** Records follows **
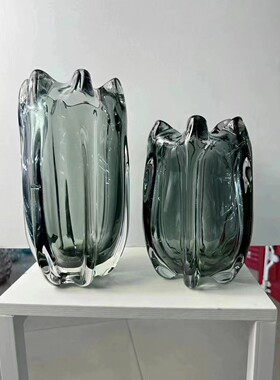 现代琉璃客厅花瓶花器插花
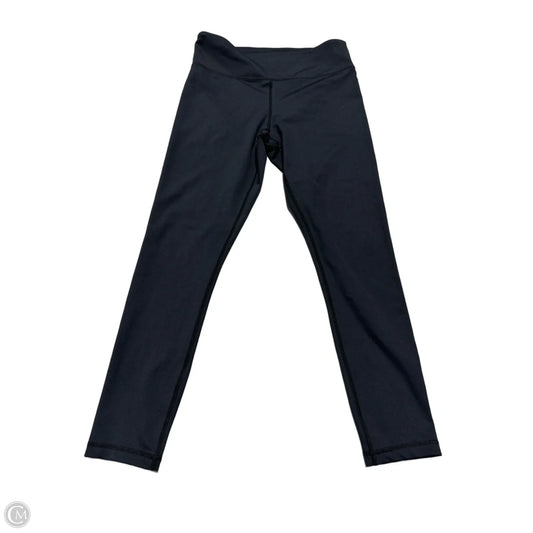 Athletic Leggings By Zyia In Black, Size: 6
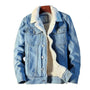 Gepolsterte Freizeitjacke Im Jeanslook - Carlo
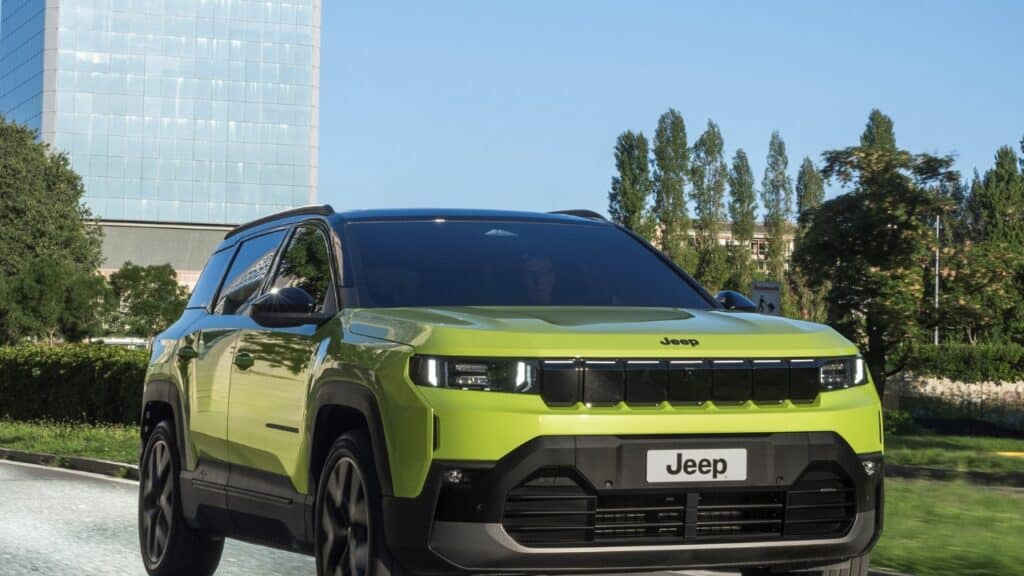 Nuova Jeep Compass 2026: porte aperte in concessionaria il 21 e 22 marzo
** End of Records **
** Records follows **
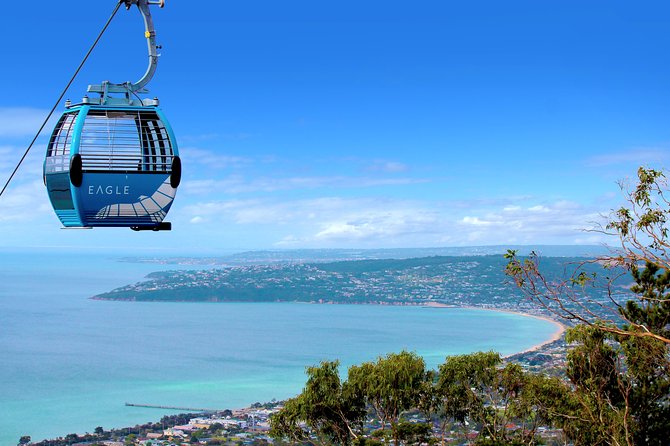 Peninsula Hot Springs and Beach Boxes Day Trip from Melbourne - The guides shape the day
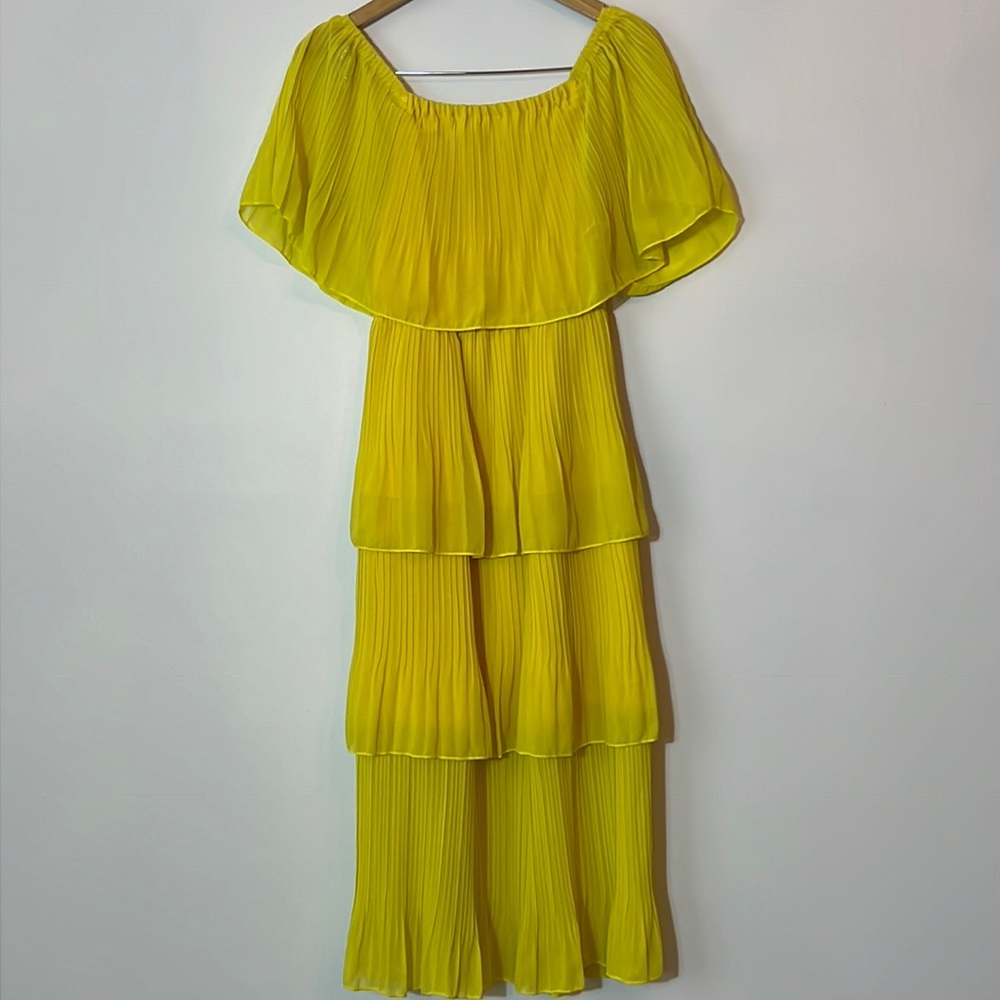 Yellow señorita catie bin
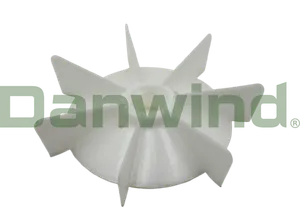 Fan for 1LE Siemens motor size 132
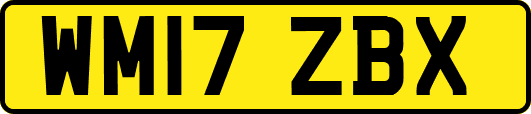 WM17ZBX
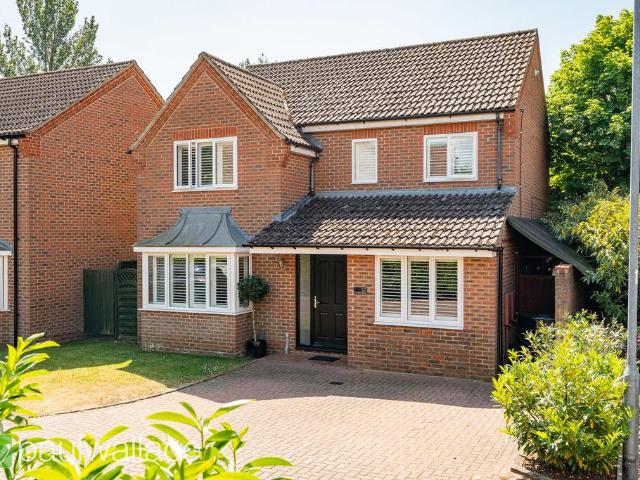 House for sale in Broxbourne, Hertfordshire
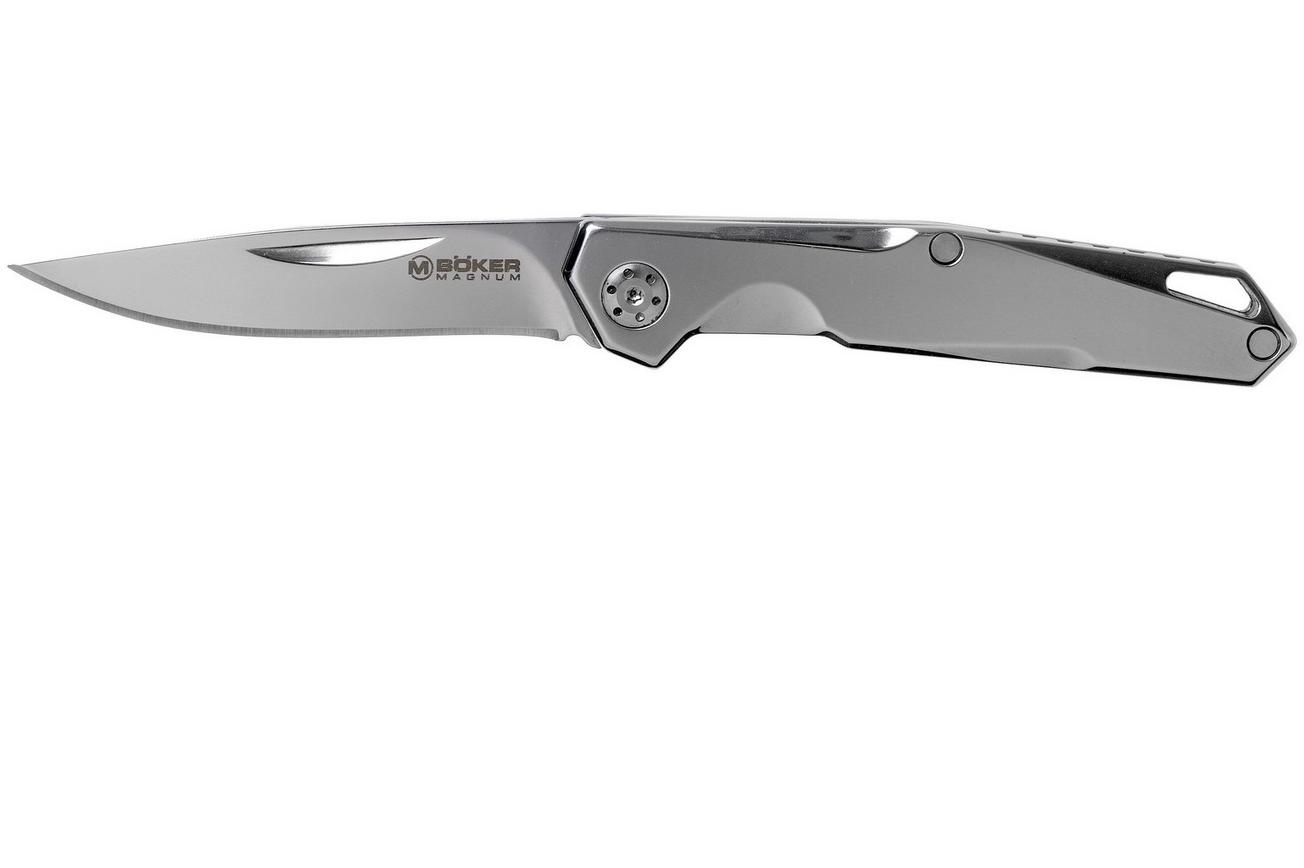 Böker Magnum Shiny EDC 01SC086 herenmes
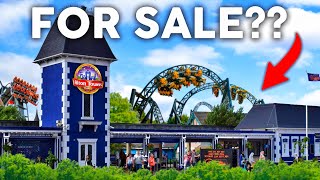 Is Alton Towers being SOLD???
** End of Records **
** Records follows **
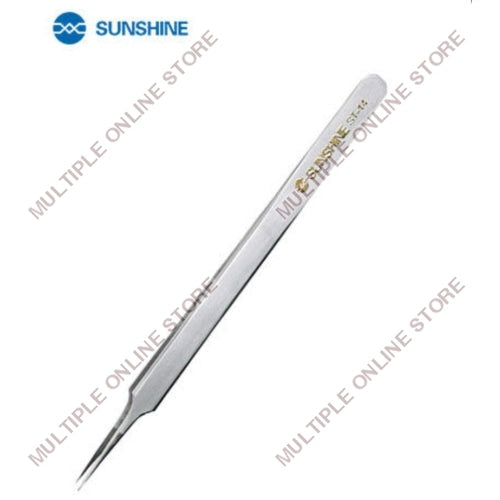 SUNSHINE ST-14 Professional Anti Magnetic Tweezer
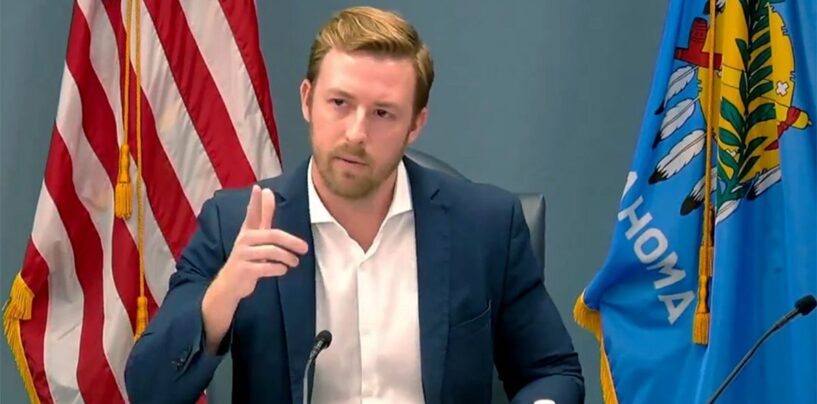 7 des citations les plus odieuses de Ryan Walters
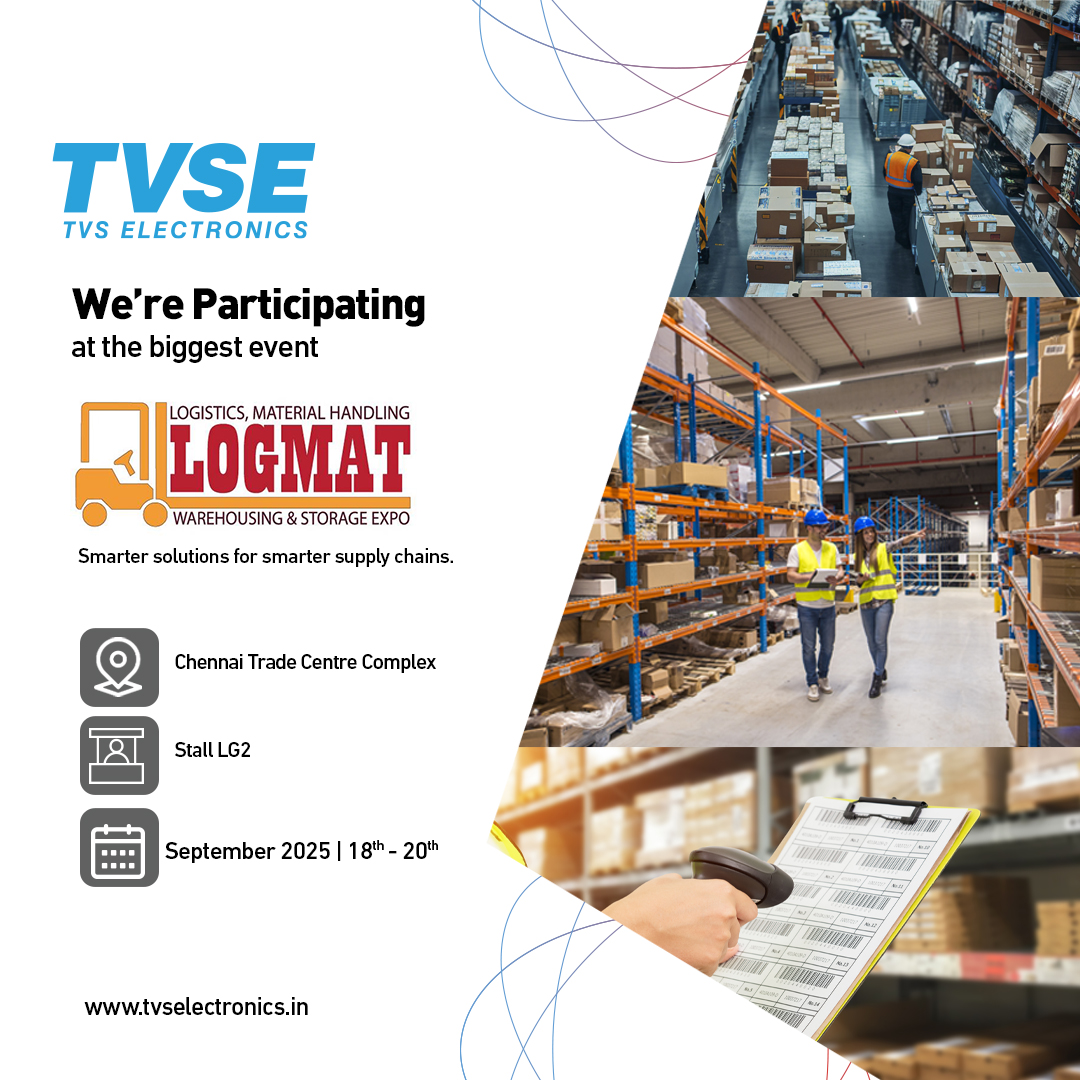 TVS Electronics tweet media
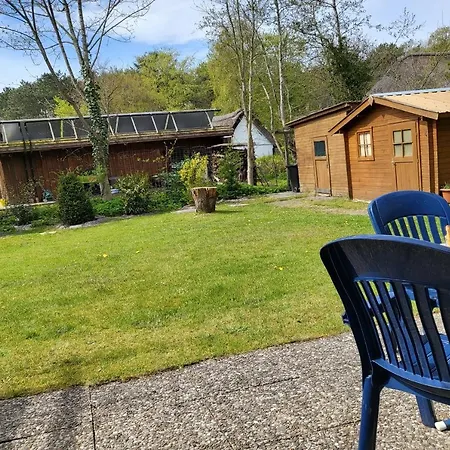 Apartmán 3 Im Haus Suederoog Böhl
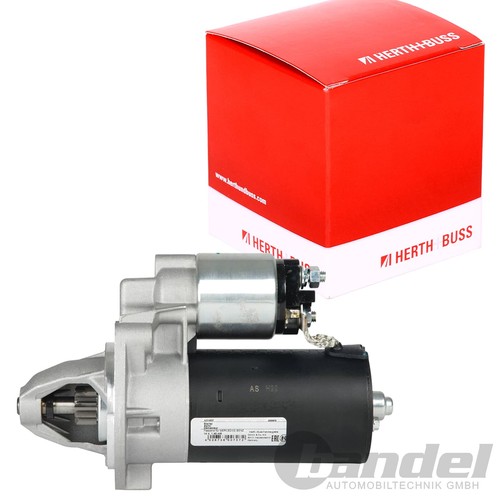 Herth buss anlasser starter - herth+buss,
** End of Records **
[Assigned task]
What is needed is an exact copy of the lines above from the one with "SUNSHINE ST-14 Professional" to the one with "Herth buss anlasser", both ends kept, and nothing more; please leave the pictures out.

[Solution to the problem]
 SUNSHINE ST-14 Professional Anti Magnetic Tweezer
 7 des citations les plus odieuses de Ryan Walters
 TVS Electronics tweet media
 Apartmán 3 Im Haus Suederoog Böhl
 Herth buss anlasser starter - herth+buss,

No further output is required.